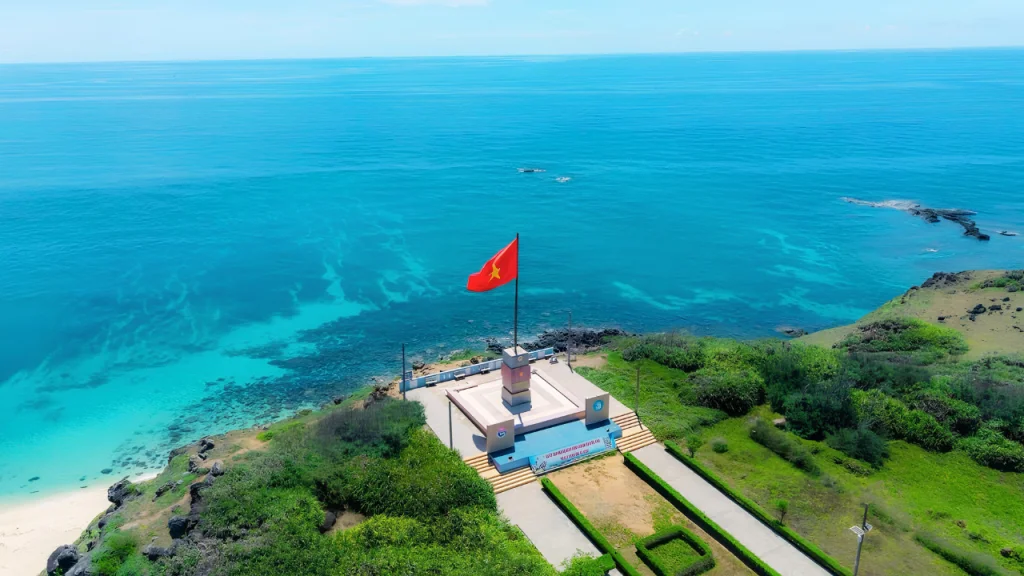Cột cờ chủ quyền trên mỏm đồi hướng ra biển ở đảo Phú Quý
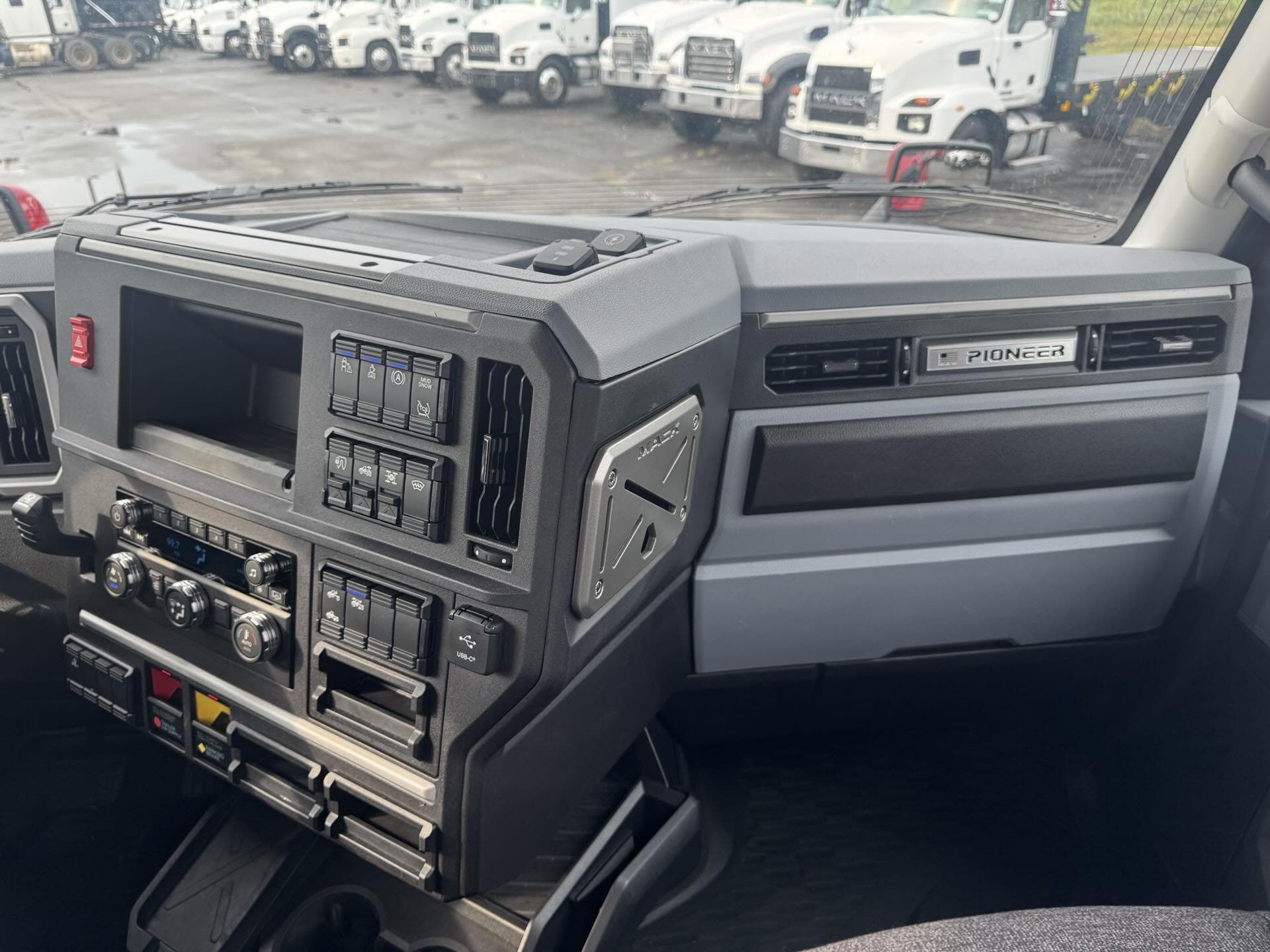 2026 Mack Pioneer — photo 13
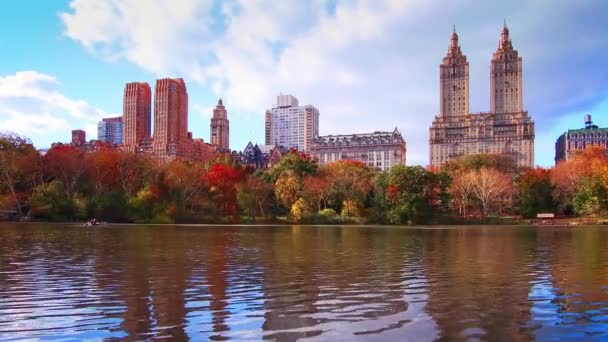 Nueva York Central Park Otoño Con Rascacielos Apartamento Barco Lago — Vídeo de stock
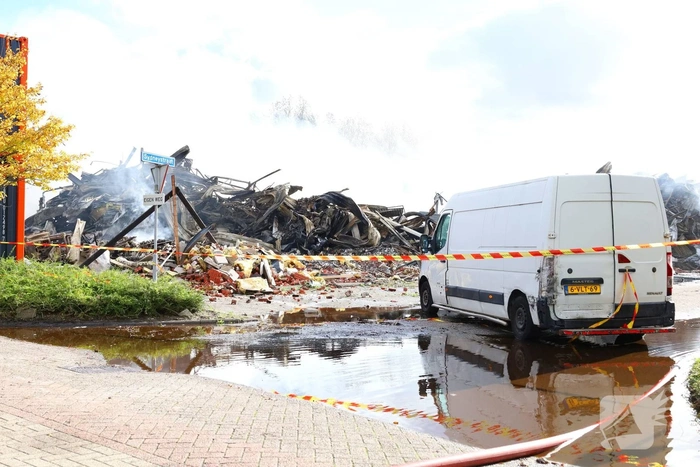 Groothandel verwoest door grote brand tijdens storm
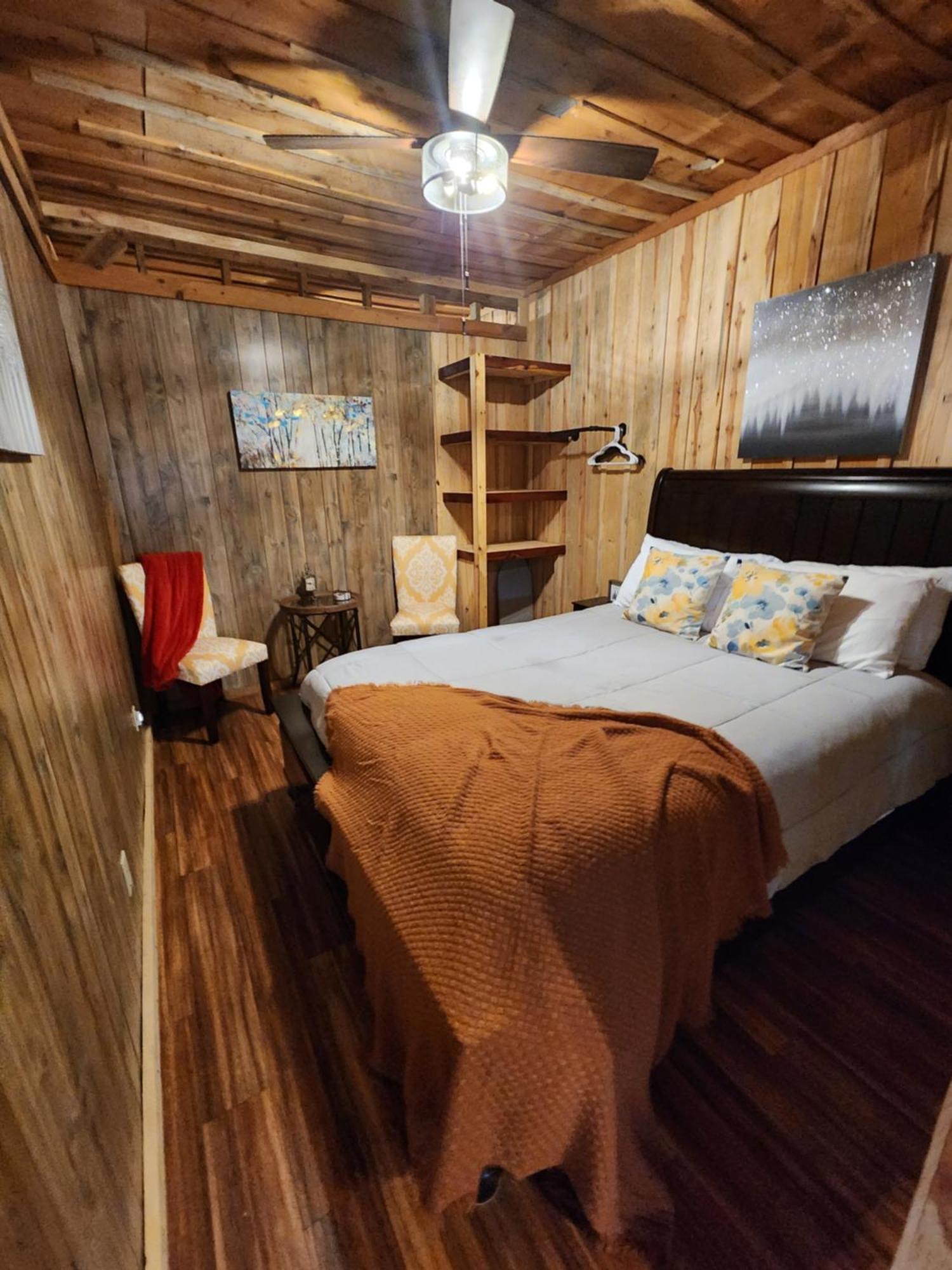 Unique Country Cabin Meets Farmhouse Modern!!! Mena Bagian luar foto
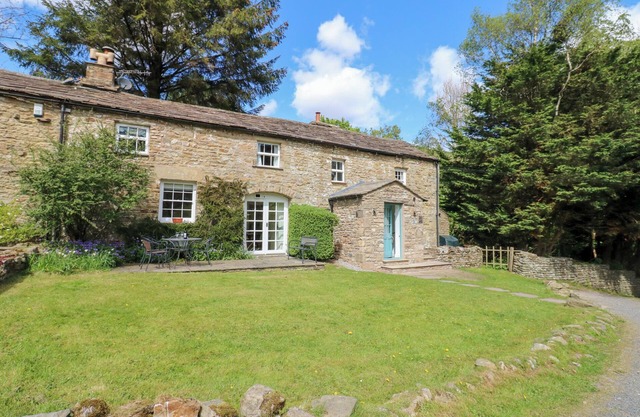 FARRIER'S COTTAGE, pet friendly, with open fire in Garsdale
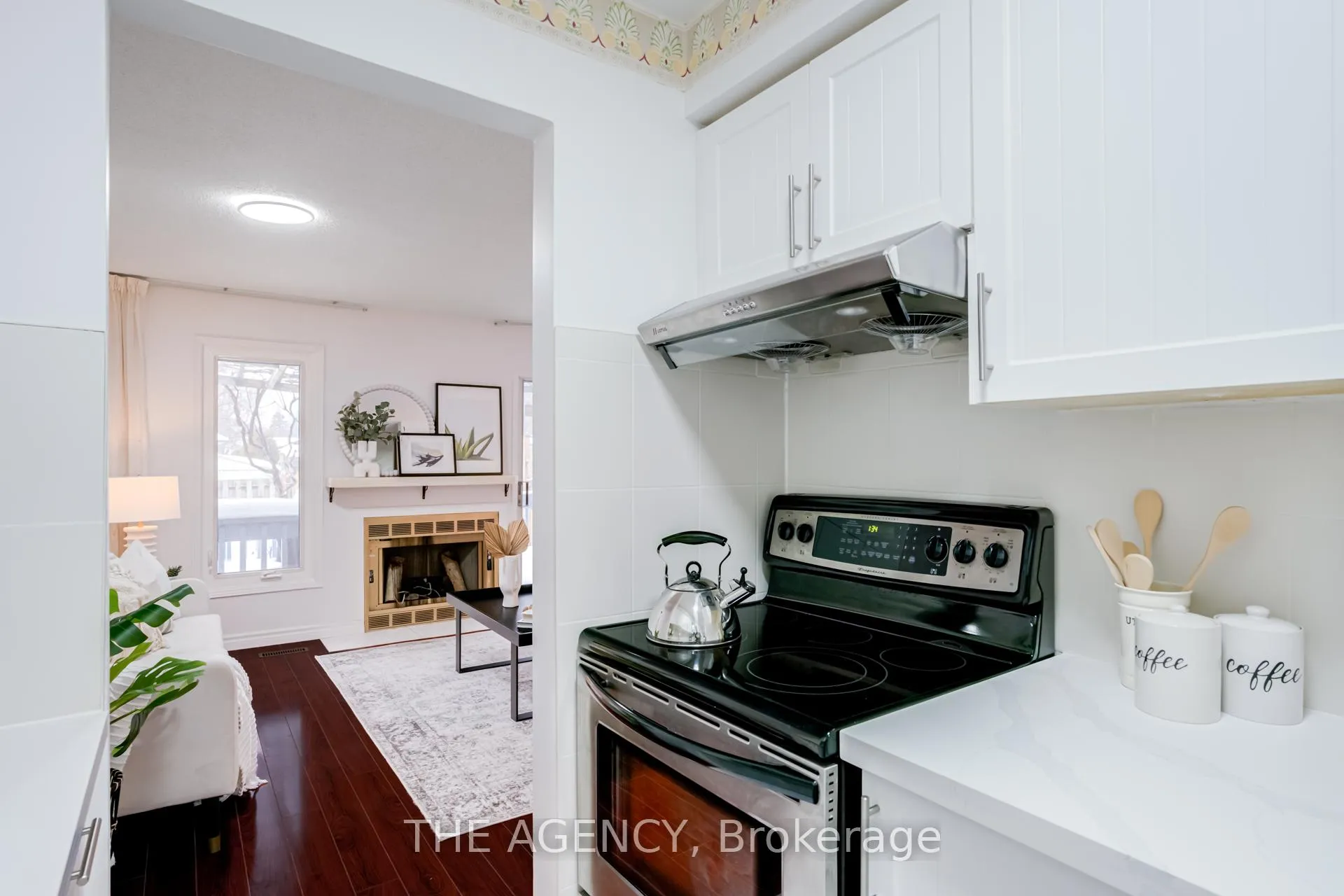 Photo 9 of 142 Greenbrae Circuit, Scarborough, Woburn — HOMEH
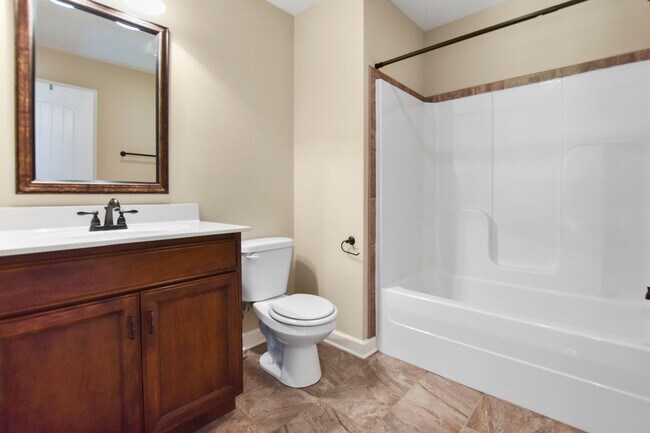 Building Photo - Pet Friendly Three Bedroom!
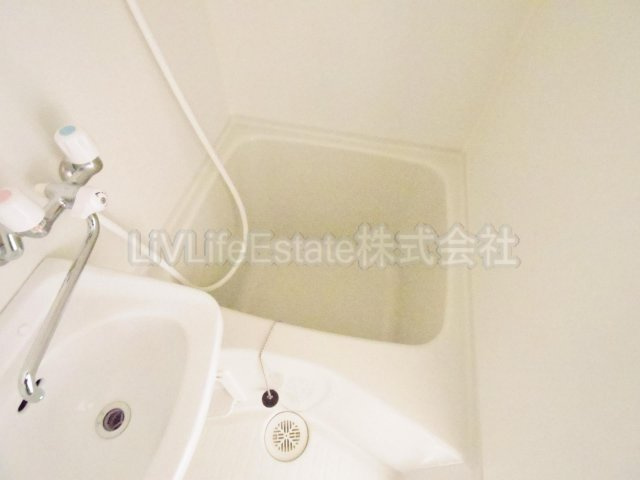マーベラス小金井緑町Ⅰの浴室|※別号室写真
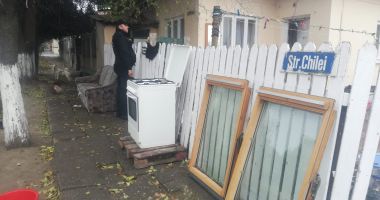 Stire din Eveniment : Ce amenzi au mai dat polițiștii locali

_What is expected_
Produce an exact copy of the lines from the line containing "マーベラス小金井緑町Ⅰの浴室|※別号室写真" to the end of the material, both ends included, and omit every picture.

_Exercise answer_
マーベラス小金井緑町Ⅰの浴室|※別号室写真
 Stire din Eveniment : Ce amenzi au mai dat polițiștii locali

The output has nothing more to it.